The apartment listing said there was a washing machine. We knew it would be a small, European size, but we could make it work. I asked the owner of the apartment if they also had a dryer. She said yes. I should have asked a more specific question, such as, “Do you have an electric, heated dryer?” Their definition of a dryer was a drying rack. Oops. But, we made it work.

The apartment's kitchen had a Philips Senseo single cup coffee maker. Small batch!

I had never used one of these in all of my travels. I own a Keurig and have used those and various other in-room hotel coffee makers (it's caffeine and not much else in terms of value).

When I made the first cup, it made a surprisingly good cup of coffee. Better than the instant coffee that you often find in European hotels (venturing out for espresso or an Americano is a better choice).

I made a cup the second day and it was TERRIBLE. The coffee was really weak.

I thought I had followed the same process.

But, I soon realized my mistake.

In the hotel room single-cup coffee makers I have used before, the pods or packets are always symmetrical. It doesn't matter which side is up.

With Senseo, it does matter.

This is the correct way… there's a subtle set of “Senseo” logos printed on the pod. That has to face up, apparently.


The second day, I had those logos facing down. The bottom material is different from the top. It's not just a matter of the printing. They feel different. And this matters for the functionality and quality.


One thing I like about the Keurig coffee makers (and they have their faults, including their bad environmental impact) is that the whole process is pretty error proofed. You can't insert the K-Cup the wrong way.

You can't insert it upside down (it won't fit) and it doesn't matter if it's rotated to a certain orientation.

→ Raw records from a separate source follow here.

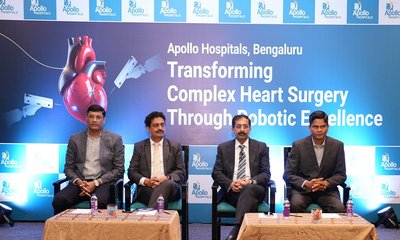 ಬದಲಿ ಶಸ್ತ್ರಚಿಕಿತ್ಸೆ ಸಕ್ರಿಯಗೊಳಿಸಿದ ಸುಧಾರಿತ ರೊಬೊಟಿಕ್ ತಂತ್ರಜ್ಞಾನ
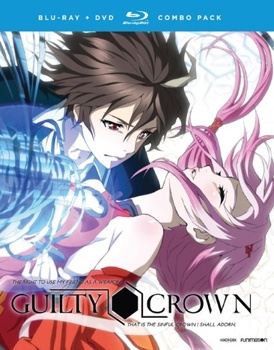 Blu-ray Guilty Crown: The Complete Series Book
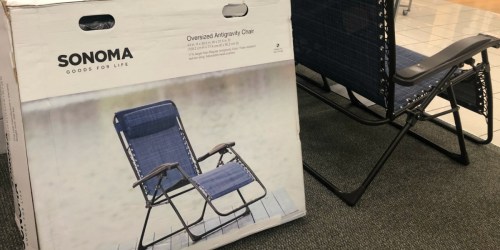 HUGE Savings on SONOMA Patio Furniture at Kohl’s (Chairs, Umbrellas & More)
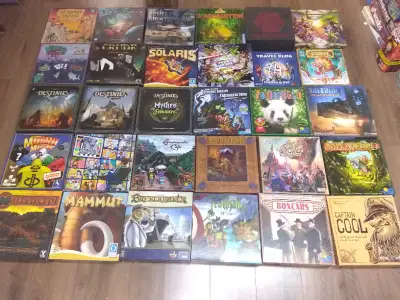 jeux de societe - board games, View more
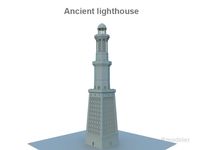 LightHouse 3D Model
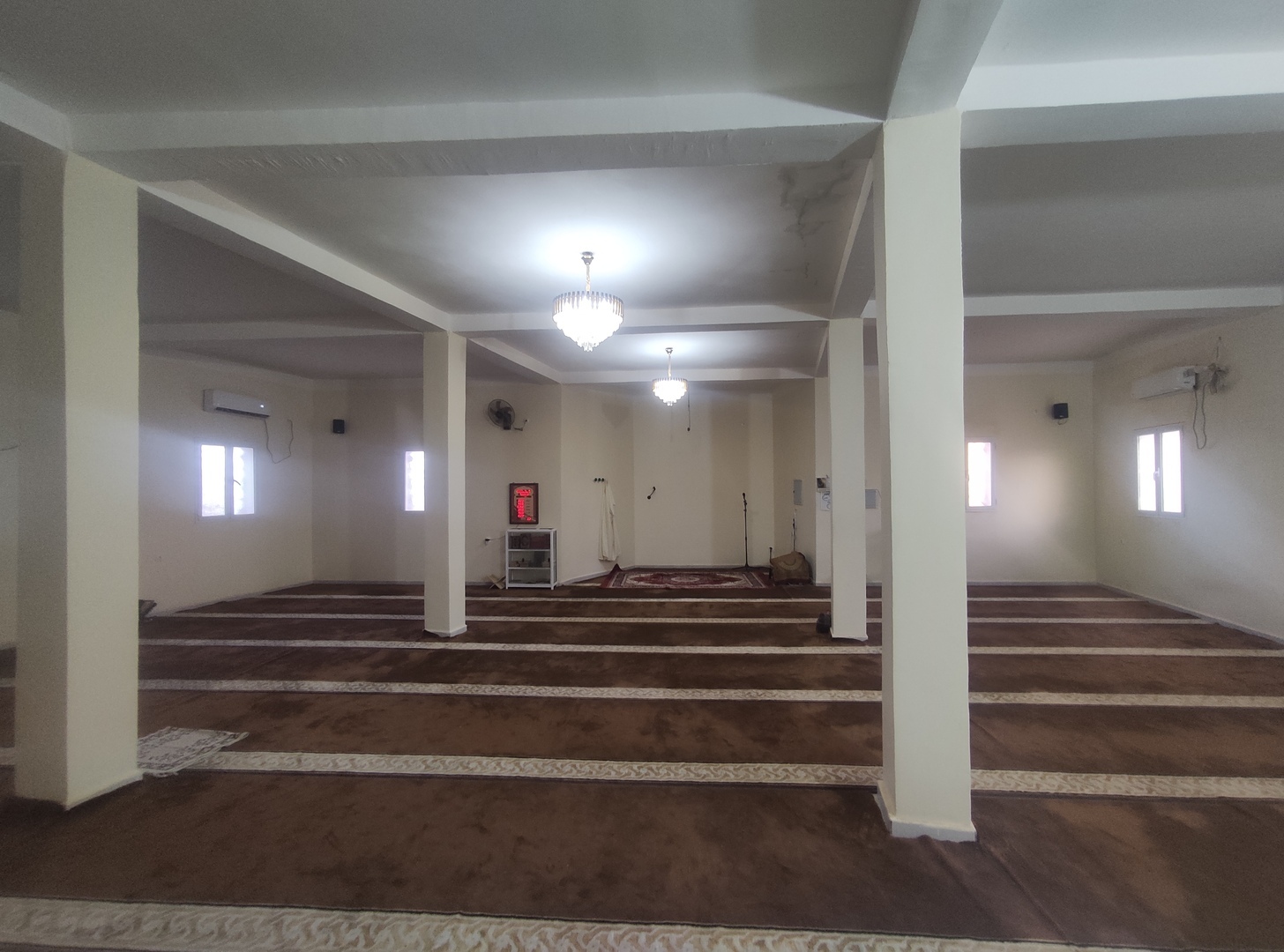 Mosquée support Badr Aissam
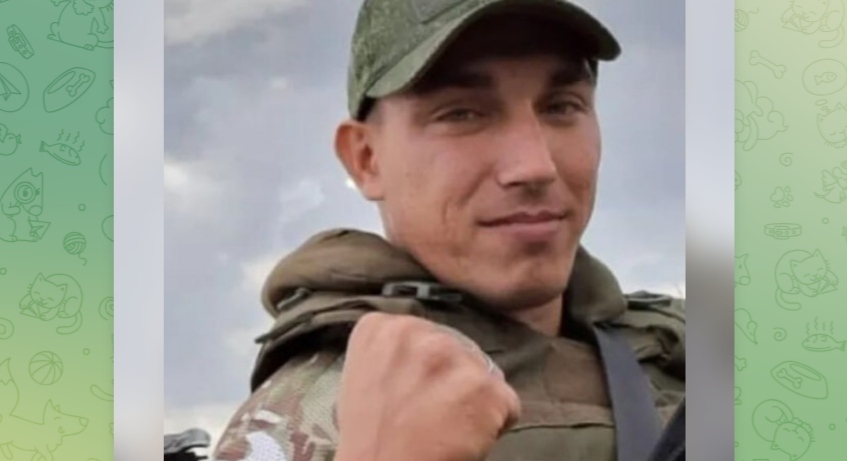 Виталий Вершинин. Скриншот публикации администрации Руднянского района https://t.me/moya_rudnya/1513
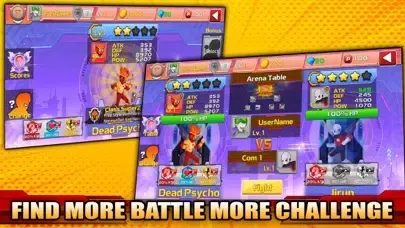 God Warriors: Superhero Battle Ekran Görüntüleri
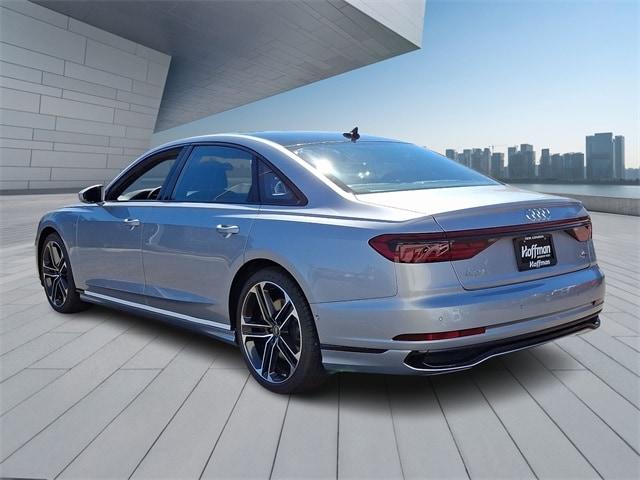 Thumbnail image of 2025 Audi A8 L at Hoffman Audi of New London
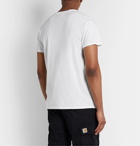 Pasadena Leisure Club - Printed Cotton-Jersey T-Shirt - White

There is a marking on the machine that says “Align Holder.” I believe that only applies to the reusable K-Cups that you can buy and use.

There are green semicircular pieces on the side that have to line up in the proper orientation to the left and the right so that they fit into the notches in the machine.


It *is* possible to insert the reusable K-Cup in two different ways so that the pieces fit into the notches. I honestly don't know if the flat part has to be at the top or bottom (I always put it at the top).


I could run an experiment to find out, but nah.

So, I think the Keurig machine is more error proofed than the Senseo.

Here are some other posts I've written in the past about coffee and mistake proofing:

These Two Things Are Designed Badly, But Nobody Gets Hurt…

My Human Error with my Keurig

Follow Up: Error Proofing my Keurig?

A Coffee Machine that's Mistake Proofed

Do you see examples of error proofing in coffee making? Or opportunities where it's needed?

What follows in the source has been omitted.